Concernant le fait que Gervais ne serait pas un expert du climat, on oublie de préciser que, jusqu’à tout récemment, personne n’était climatologue, ou simplement se prétendait tel, tant la climatologie était inexistante ou confidentielle. Elle intéressait surtout l’agriculture et était pratiquée par des météorologues. D’ailleurs, certains confondent maintenant allègrement «conditions climatiques» avec «conditions météorologiques», ce qui veut tout dire. Quant à la formation des principaux tenants du réchauffisme, je pourrais vous envoyer un document qui en liste les références et vous comprendrez que les experts ne sont pas forcément là où on le croit.
D’autre part, Gervais n’a jamais fait du coût de la transition un argument pour nier des éléments scientifiques. Si vous avez lu ses deux livres, ce dont je doute, vous constaterez que le problème des coûts est évoqué dans un chapitre en soi et indépendamment des questions de sciences.
Enfin, puisqu’on cite Bréon en exemple, c’est lui, le collapsologue, qui affirmé que la transition énergétique exigée par la catastrophe à venir s’opposait en tout à la liberté individuelle et à la démocratie. Je ne sais pas pour vous, mais en ce qui me concerne, entre un soi-disant menteur et un véritable dictateur, mon choix est vite fait.
Encore merci!
Le réchauffisme en effet permet de lever des taxes, les gilets jaunes sont d'ailleurs le signe que tout le monde n'est pas dupe...
Mais cette doctrine officielle a encore au moins deux autres raisons d'être:
1. En parlant de CO2, on évite de parler des réels scandales en matière d'écologie, à commencer par l'état de plus en plus alarmant des océans, de véritables poubelles dans lesquelles toute vie devrait disparaître à moyen terme (cf le "continent de plastique").
2. On canalise sur une cause bien précise la colère et l'instinct de justice, notamment de la jeunesse, qui du coup ne s'intéresse pas ou plus par exemple à la répartition invraisemblablement inégalitaire des richesses. tant que ces clowns luttent contre le CO2, on peut continuer d'amasser. On peut parler d'un gigantesque contre-feu.

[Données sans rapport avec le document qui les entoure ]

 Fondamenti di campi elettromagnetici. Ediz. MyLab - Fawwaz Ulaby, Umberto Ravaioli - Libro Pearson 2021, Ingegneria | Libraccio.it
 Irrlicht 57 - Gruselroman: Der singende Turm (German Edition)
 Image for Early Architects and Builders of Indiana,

Quand on lui montre la lune, l'imbécile regarde le doigt. Quand on lui montre la surpopulation humaine, l'imbécile regarde le réchauffement climatique. Et oublie la production agricole complétement dépendante des pesticides (qu'est-ce qu'on va manger quand ils seront interdits et que les ravageurs auront ravagé ?), l'effondrement de notre système de santé (il suffit de débarquer en Suisse pour avoir droit à être hospitalisé et traité pour sa maladie grave, selon ce que j'ai entendu ce matin à la radio soviétique nationale - interview de Beatrice Schaad - ), la paralysie de nos voies de circulation, la dégradation générale de notre environnement, y compris par des jeunes issus de l'immigration, trop heureux de jeter leurs déchets dans les champs parce qu'ils ont vu que cela nous dérangeait fortement, le bétonnage généralisé pour le profit des mafias au pouvoir, etc, etc...

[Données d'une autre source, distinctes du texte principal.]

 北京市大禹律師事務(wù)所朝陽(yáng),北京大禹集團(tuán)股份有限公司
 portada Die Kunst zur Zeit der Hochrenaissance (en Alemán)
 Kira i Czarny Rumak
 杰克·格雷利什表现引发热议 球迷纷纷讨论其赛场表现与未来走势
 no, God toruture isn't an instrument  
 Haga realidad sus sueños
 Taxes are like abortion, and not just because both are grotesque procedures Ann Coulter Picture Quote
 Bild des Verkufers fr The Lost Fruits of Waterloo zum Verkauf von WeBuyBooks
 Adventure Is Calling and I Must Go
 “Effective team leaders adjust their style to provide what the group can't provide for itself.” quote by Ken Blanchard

"l'effondrement de notre système de santé (il suffit de débarquer en Suisse pour avoir droit à être hospitalisé et traité pour sa maladie grave, selon ce que j'ai entendu ce matin à la radio soviétique nationale"
Le 20 minutes relate la même histoire de ces patients Géorgiens youyou le titre "De curieux touristes profitent de l'hôpital".
Tous les autochtones qui doivent se battre pour se faire rembourser certains soins, ou qui se voient opposer tout simplement un refus, doivent se dire que "profitent des contribuables suisses" aurait été plus approprié.